Tenía que llegar, antes que aquello el viejo pánico-la alcanzara. Por favor, rezó, por favor, aquí no, dejame llegar, dejame subir, repitió como una letanía al dios del viento, al dios del mar, a alguna deidad no inculcada; más bien un ruego a las fuerzas elementales, poderosas, que en esa solitaria playa le estaban demostrando que la diferencia entre la seguridad civilizada y la precariedad total era muy tenue. Desde alguna voluntad apenas insinuada o quizás sólo desde la supervivencia- empezó a trepar. Un paso. Dos...¡faltaba tanto!

No faltaba tanto. Ya podía ver las piernas de los hermanos, la pelota, sentía clarito sus risas, las corridas por el piso y todavía no se habían dado cuenta, mamá y papá no se habían dado cuenta, la puertita esa que siempre la paraba de ir arriba no estaba puesta y ellos seguían conversando en la cocina...nadie aparecía.

¡Nadie aparecía! Tenía que pasarle a ella, salir a caminar con semejante viento, en absoluta soledad, el mar a un costado, el oleaje implacable, el tronar en sus oídos, la calle, las casas, aún tan lejos, tres, cuatro, otro más...

¡Otro más y llegaba! La voluntariosa cabecita se levantó y con ella el cuerpo diminuto y entonces todo fue caer, todo dolor, grito, llanto, arriba era abajo, más abajo, choca la madera, golpea la cabeza, rueda, rueda, abajo, abajo y la voz de mamá y de papá, los gritos, la nena, la nena llora, corridas, el suelo frío y duro.

El suelo firme y duro, al fin.

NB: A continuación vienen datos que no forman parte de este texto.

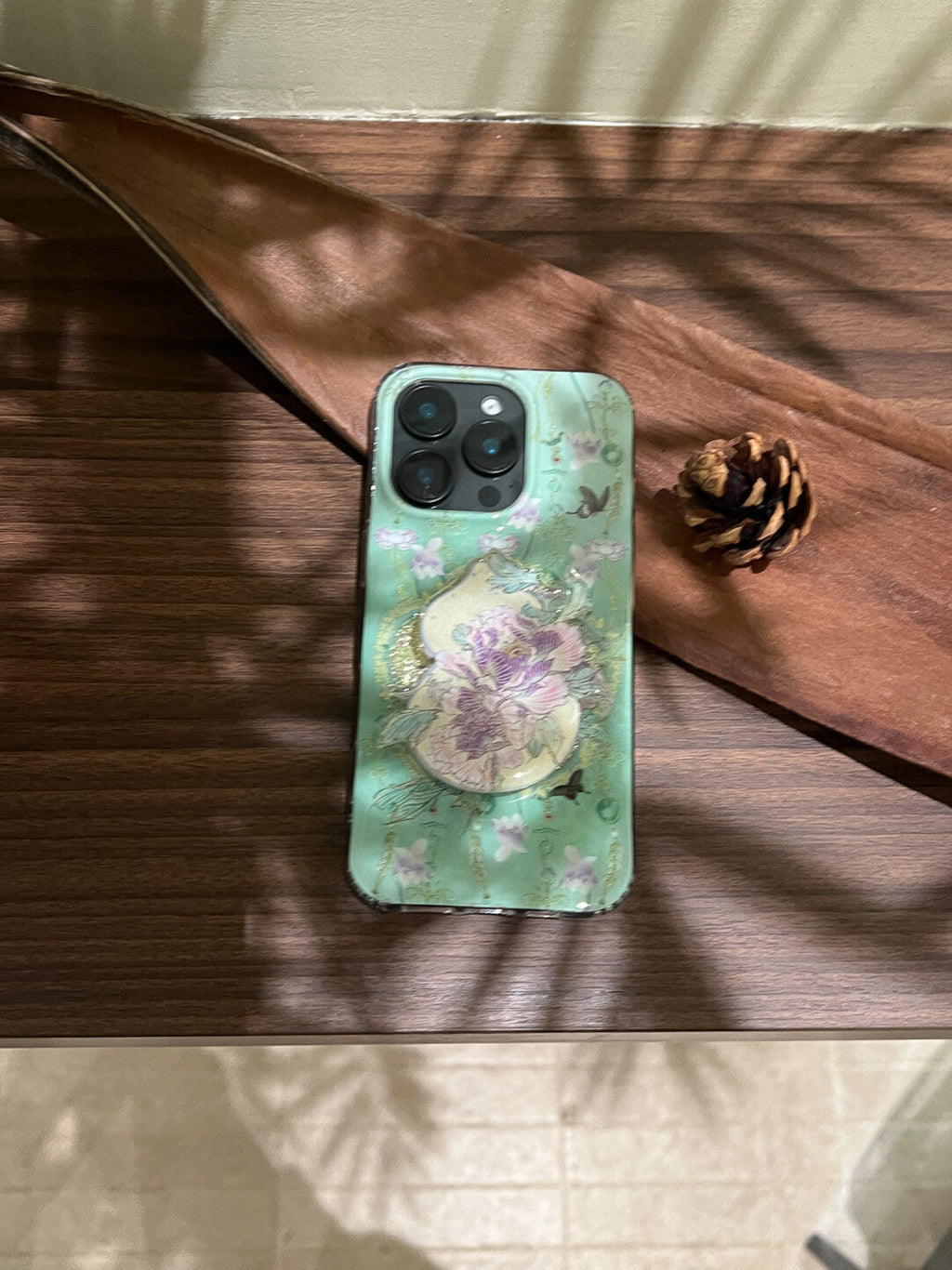 Purple Ripple Printed Phone Case | iPhone Case | Three Fleas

Los techos de las casas, la avenida, los autos, y aunque el viento siguiera atroz y el ruido fuera ensordecedor, estaba ya en la calle, apenas salvada por unos pasos de tan absoluta soledad, de tan altísimo riesgo, que venía tanto del afuera como de su adentro aterrado y mientras daba un paso y otro, rumbo a la casa, gracias, decía, gracias, a algún dios ignoto previo a todo catecismo; la sensación de estar en manos de fuerzas demasiado poderosas que estaban allí, ahí nomás, latente su amenaza, listos sus tentáculos de aire y agua para asirla.

Listos los brazos cálidos para asirla, el arrullo de mamá, el consuelo de papá, el dolor y el llanto y los hermanos asomándose y bajando hacia ella y todos tocándola, te duele, qué pasó, cómo no estaba puesta la puertita, dónde se golpeó, un poco de agua, un canto conocido, la luz de la cocina, la seguridad.

La luz de la cocina, ¡la seguridad! Desde el portón de entrada, la calidez del hogar la envolvió con una sanadora sensación. Abrió la puerta, lista para contarles de ese pequeño rato de pesadilla, dudando de que no sonara ridícula, temerle a un terraplén y un poco de viento...

Desde apenas unos metros, las dos se miraron. La adulta, recuperada la intelectualidad conque se procesa el pasado; la otra, una niñita toda sensación, y en ambas una comprensión: la de que toda seguridad es precaria, y de que algo - un soplo de total incertidumbre - las había rozado y se había ido.

Y que alguna vez llegaría para quedarse.